In the absence of public housing there is this huge informal sector that gets developed which does not just construct houses but also brings in new housing space for the poor. The DDA’s failure to develop land and housing has been met by the massive construction of ‘unauthorised’ settlements outside the limits of the plans and occupation of underdeveloped land within the city.  

To quote from the Delhi project report this form of policy has led to three important manifestations which are starkly witnessed in and around the city. Jai Singh also is one of those who are forced to work on the pavement and use a Gurudwara for their basic necessities. 

  1. There is a clear class bias in the housing provided by the DDA. It was proactive in providing housing for the higher income groups. But for the poorer sections who apparently constitute a majority in the city there has been a failure. 
  2. The city has grown with closure and privilege language of the state. Exclusion is quite inherent in the policy planning.
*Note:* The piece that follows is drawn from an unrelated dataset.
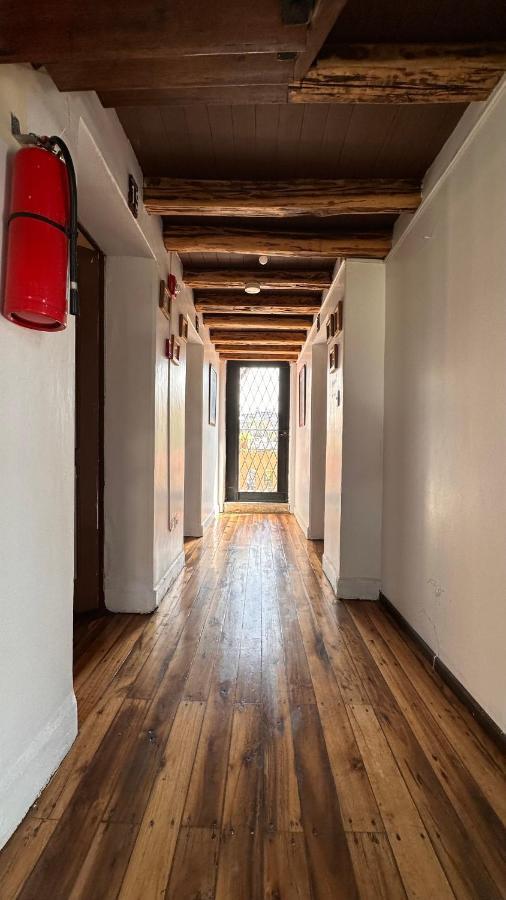 Campus Residencias Bed & Breakfast Quito Exterior photo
Various reports of the DDA speak about its efforts to ‘protect’ the city from unplanned settlements through a vigorous programme of fencing the vacant pockets so that the lands are saved from encroachments.  
  3. The overall pattern of investment has favoured the upper-middle-class infrastructure over land development and housing for the poor. One can easily find the widening of the roads, construction of flyovers, etc. for the big guzzlers to run at faster speed but the space of the pedestrians and the cyclists have been squeezed. The latter mode of transport is the primary mode for the informal working class in the city.  

Roti, Kapda aur Makaan (food, clothing, and housing) was the slogan of the 70s given by the Congress. A similar slogan was coined by Pakistan’s Peoples party in Pakistan.  Both the parties (Congress & PPP) were able to ride these slogans as the need was felt immensely by their population. Not just that, a Hindi Bollywood movie was also produced by Manoj Kumar in 1974 under the same title which became a super hit. However, after four decades of such sloganeering, the challenges of housing remain high and people like Jai Singh continue to live under the tarpaulin shelter on the pavement.